-- DATA SECTION --
'''
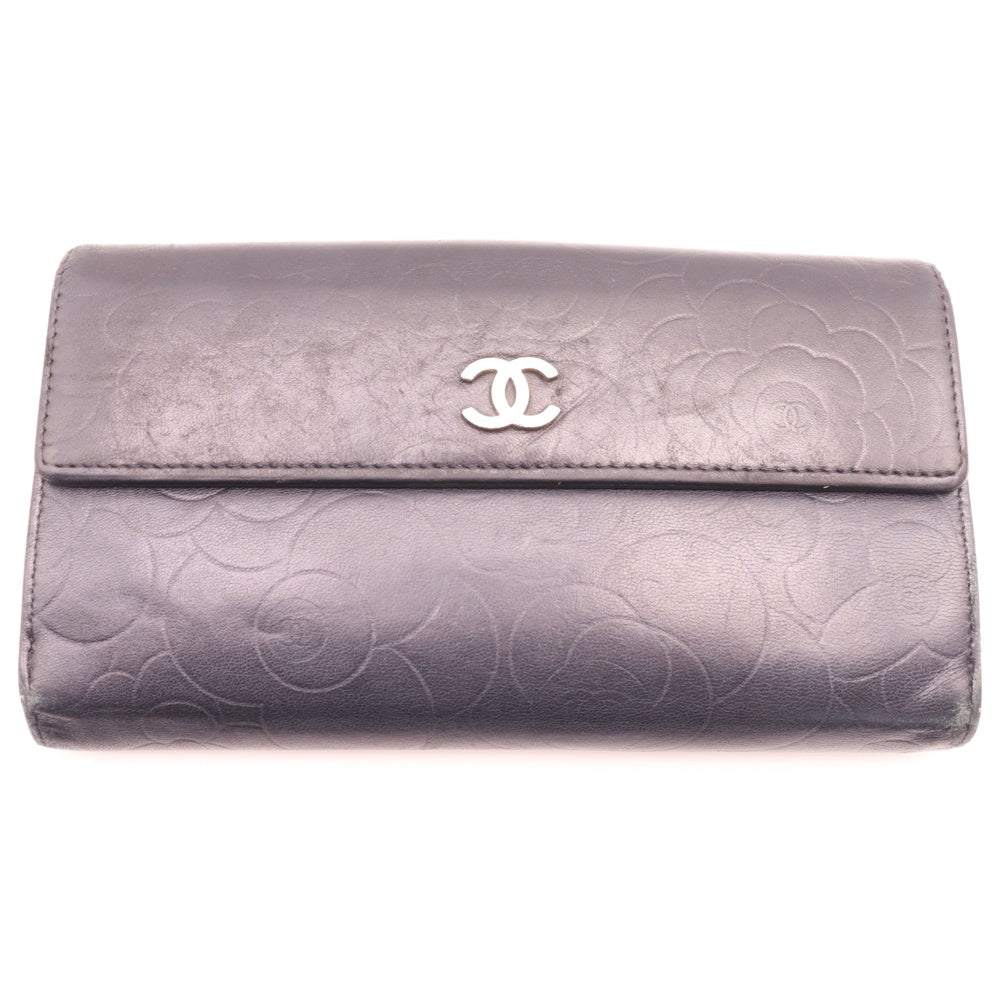 CHANEL(シャネル) カメリア 長財布 ロングウォレット カード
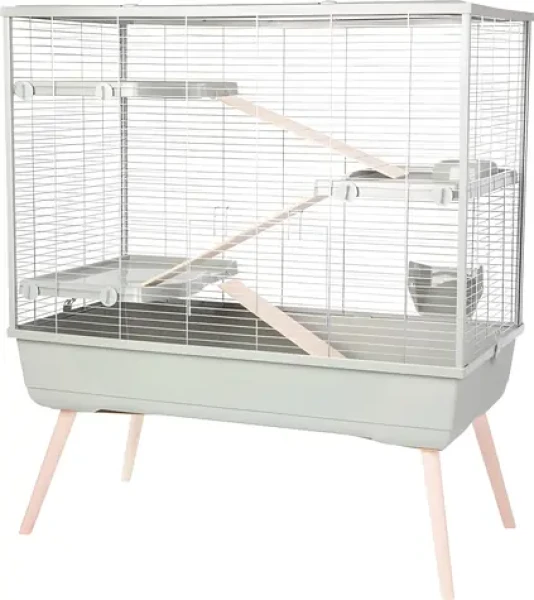 ZOLUX Klec Neolife 100 XL zelená / Pro králíky, fretky a hlodavce / 99×54×114 cm / dřevo, kov, plast (205661VER)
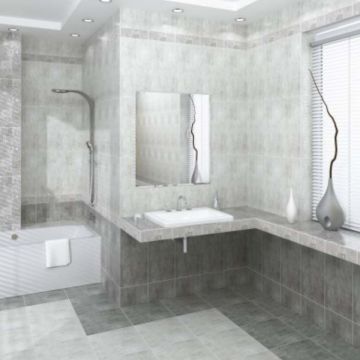 Плитка настенная Beryoza Ceramica Amalfi светло-серый 30х60 см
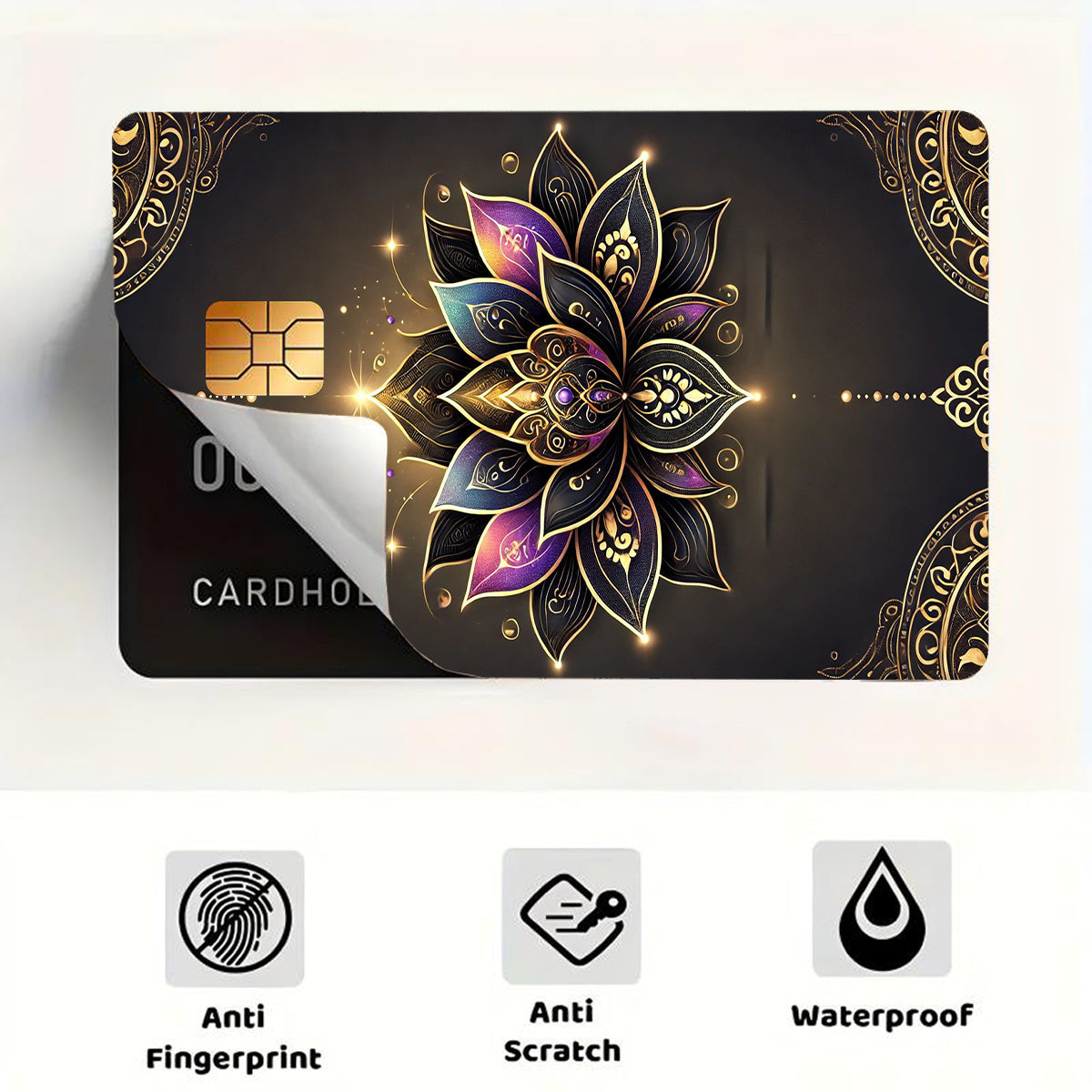 1/2/4pcs Set of Exquisite Pattern Stickers, Party Gift, Suitable for EBT, Transportation, Keys, Credit Cards, Debit Cards, Bank Card Protection, Matte Finish, Digital Printing, Fits Small Chip Cards, Cool Decoration and Gift,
'''
-- EXERCISE --
Where a picture appears, omit it, and otherwise retype the material exactly.

-- WRITTEN ANSWER --
 CHANEL(シャネル) カメリア 長財布 ロングウォレット カード
 ZOLUX Klec Neolife 100 XL zelená / Pro králíky, fretky a hlodavce / 99×54×114 cm / dřevo, kov, plast (205661VER)
 Плитка настенная Beryoza Ceramica Amalfi светло-серый 30х60 см
 1/2/4pcs Set of Exquisite Pattern Stickers, Party Gift, Suitable for EBT, Transportation, Keys, Credit Cards, Debit Cards, Bank Card Protection, Matte Finish, Digital Printing, Fits Small Chip Cards, Cool Decoration and Gift,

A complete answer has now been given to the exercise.